Monthly Archives: September 2015
People are complicated.
There is nothing that turns me off a book, be it fiction or not, like a one-dimensional subject. As I stated in the last post, I’m more a fan of the latter (non-fiction), and I think this is part of the reason. People are messy, complex, ugly and vicious; they are also beautiful, inspiring and sacrificial. They are boastful about their better qualities, rendering them inert at best or at worst negating the good they do with charmless hyperbole about how great they are for doing all that good.
I love reading about flawed assholes with hearts of gold or sacrificial fascists. People are not all bad or all good, and some people who do good are more bad than good, whatever bad and good truly mean. In my reading experience identifying with a good guy’s major flaws is an identification of ourselves in the characters.
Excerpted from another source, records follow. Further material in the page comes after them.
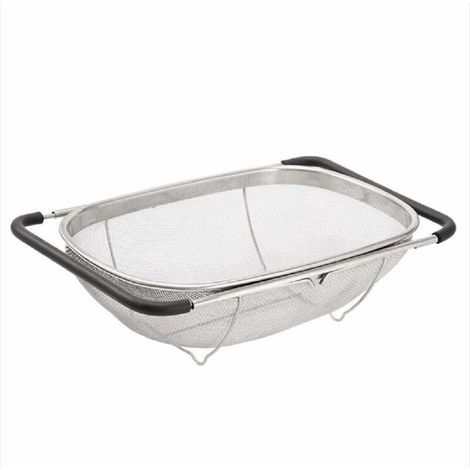 Passoire d'évier extractible en acier inoxydable - Maille fine avec poignée en caoutchouc, compatible avec tous les éviers, grande taille pour les pâtes et les légumes (1/4)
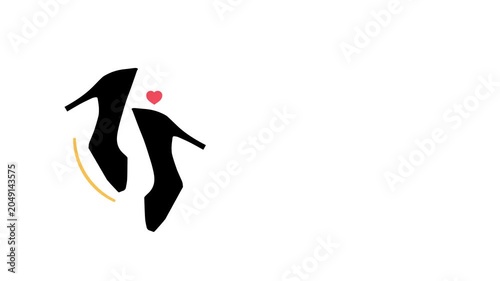 A charming animation features two black high-heeled shoes, a red heart, and a golden arc moving to form an elegant logo on a white background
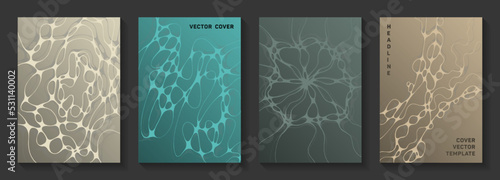 Cool dance party posters. Intersecting waves torrent textures. Futuristic brochure vector templates. Night party posters collection fluid curves graphic design.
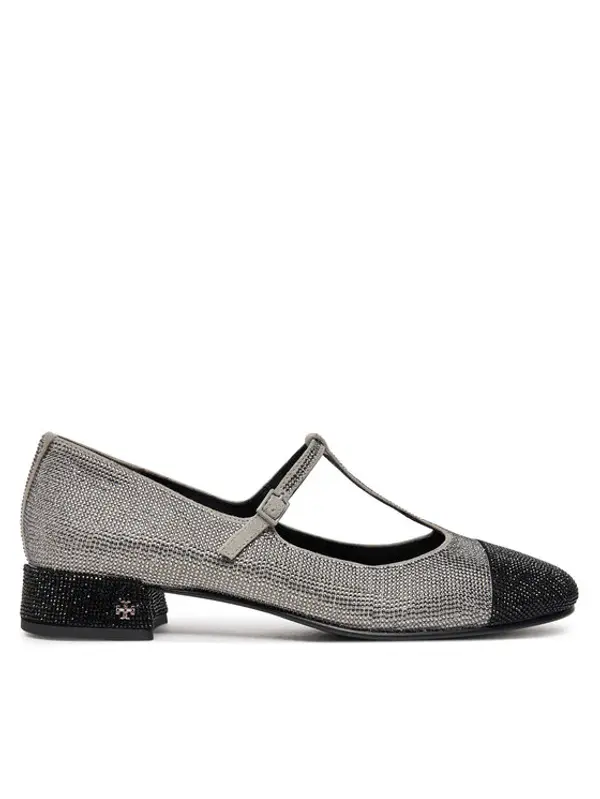 TORY BURCH Tory Burch Balerinke Cap-Toe T-Strap Pave Heeled 159830 Srebrna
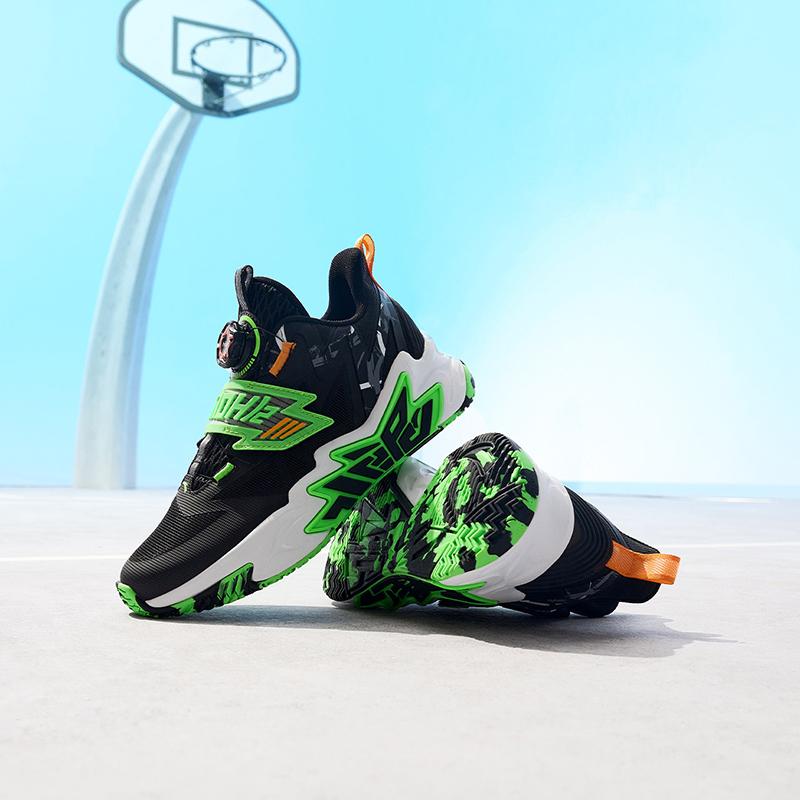 Anta Cement Nemesis Non-Slip Wear-Resistant Low-Top Basketball Shoes Kids Sneakers Black Green Orange 312321124H-8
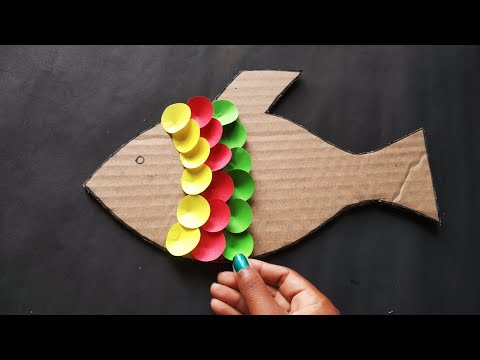 Diy fish wall hanging craft ideas using colour paper and cardboard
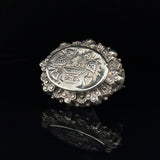 Antique Sterling Silver Oval Brooch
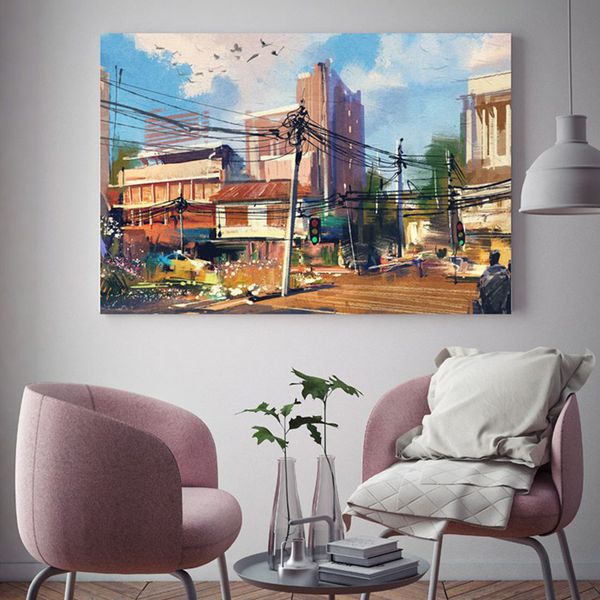 Tranh Canvas Phong Cảnh Đường Phố (40x60cm - 50x75cm - 60x90cm)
We know we sometimes suck, hard. We also know that most times we might struggle to try to do a balance of good things over evil deeds. Sometimes we do evil by trying to do the right thing. Some evil people do tremendous good or have good qualities that are overshadowed by their heinous deeds. Nothing is black and white.
Oh and by the way I AM NOT negating the existence of truly evil people. None of that Hitler was an animal lover bullshit justification. Knowing that fact, however, makes him less a caricature and in my opinion even that much more frightening and evil.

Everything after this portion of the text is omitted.